Credit insurance: assessing risk versus mitigation

Apio’s Francis Kingston talks about why credit insurance is worth considering in an unpredictable economy, and the benefits it offers business owners with a debtor’s book.

Any business that sells on credit has a debtor’s book that could range between one and 10 000 debtors – clients who owe them money on a 30, 60, 90-day account or longer. Credit insurance is the protection against non-payment of a client’s debtor – in a nutshell, insurance against a bad debt.

On the face of it, it sounds like a no-brainer for companies with debtor’s books, but not every company will opt for this form of insurance. There are many factors influencing the decision to insure your debtor’s book, including what your risk appetite is. If you have a long-established client base who you’ve been doing business with for many years, and who have a solid payment history with you, you might not be inclined to insure against non-payment. On the other hand, if you are a new business trading with companies you know very little about, you might decide that credit insurance makes a lot of sense to ensure that non-payment is catered for.

Clients must consider their risk requirements and risk appetite. If you have a debtor’s book of 100, but each debtor only owes R5 000, do you really need to insure against bad debt? However, if the non-payment of just a single debtor could fundamentally damage, or even sink your business because of compromised cash flow, credit insurance makes more sense.

A complicating factor is the current economic environment. Anyone who reads the news will be aware that even so-called blue chip, JSE-listed companies are struggling, and in some cases entering business rescue or liquidation proceedings. This is symptomatic of a ‘hard economy’, and doesn’t affect just big businesses, but companies throughout the economy, from so-called blue chip to sole proprietors. The bad news is that if a company in business rescue or liquidation owes you money, the chances are high that, at best, you will only recover a small percentage of that money, and only after following due process that could stretch for months or even years.

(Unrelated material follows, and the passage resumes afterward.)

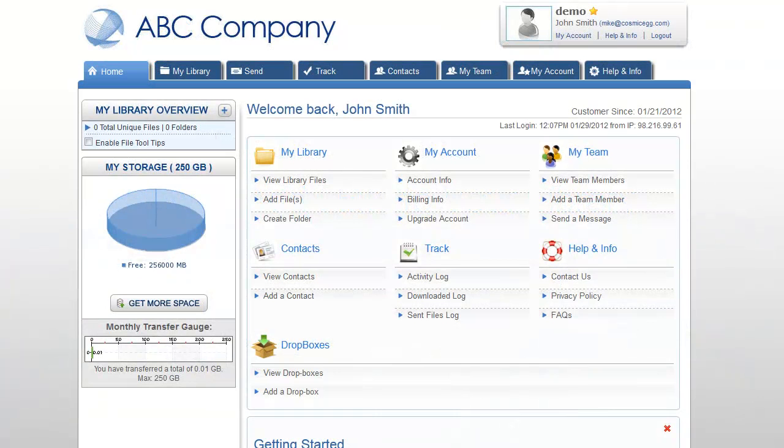Welcome to another video tutorial for Manage My Files. This installment covers how to add files to your library.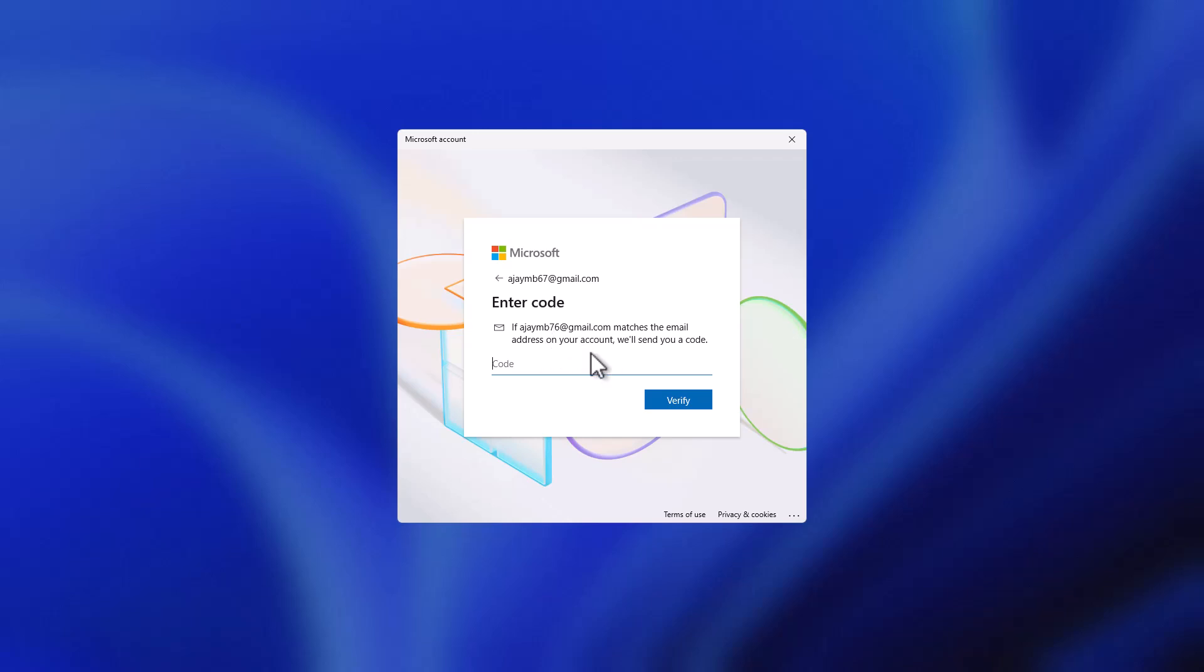This will be sent from Microsoft official. My security code is 105762. After typing it, select the verify option.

You may decide that you only want to insure clients above a certain amount, for example, an amount owing of R1 million. Traditionally, insurers offering credit insurance insisted that you insure your whole book. However, in the past two years, a new product offering gives you the opportunity to pick and choose. If you have a debtor’s book of 100, you may opt to insure only five of those debtors, who would each be rated individually. However, on a stand-alone basis, this form of credit insurance is more expensive than if you were to insure your whole book.

The question to ask is, how well do you run your debtor’s book? A bigger company with a credit department dedicated to keeping a close eye on their clients, may have a tight grasp on their risk scenarios. However, a medium or small business will not necessarily have the expertise for such close attention. Here, credit insurance can play a big part, because the insurers essentially act as a first line of defence on the clients the company is dealing with. An insurer might decline to cover a client with a bad payment history and judgements against them, and armed with that feedback from the insurer, you can make a decision to carry on trading with the client, trade with them on a cash-only basis, or not at all.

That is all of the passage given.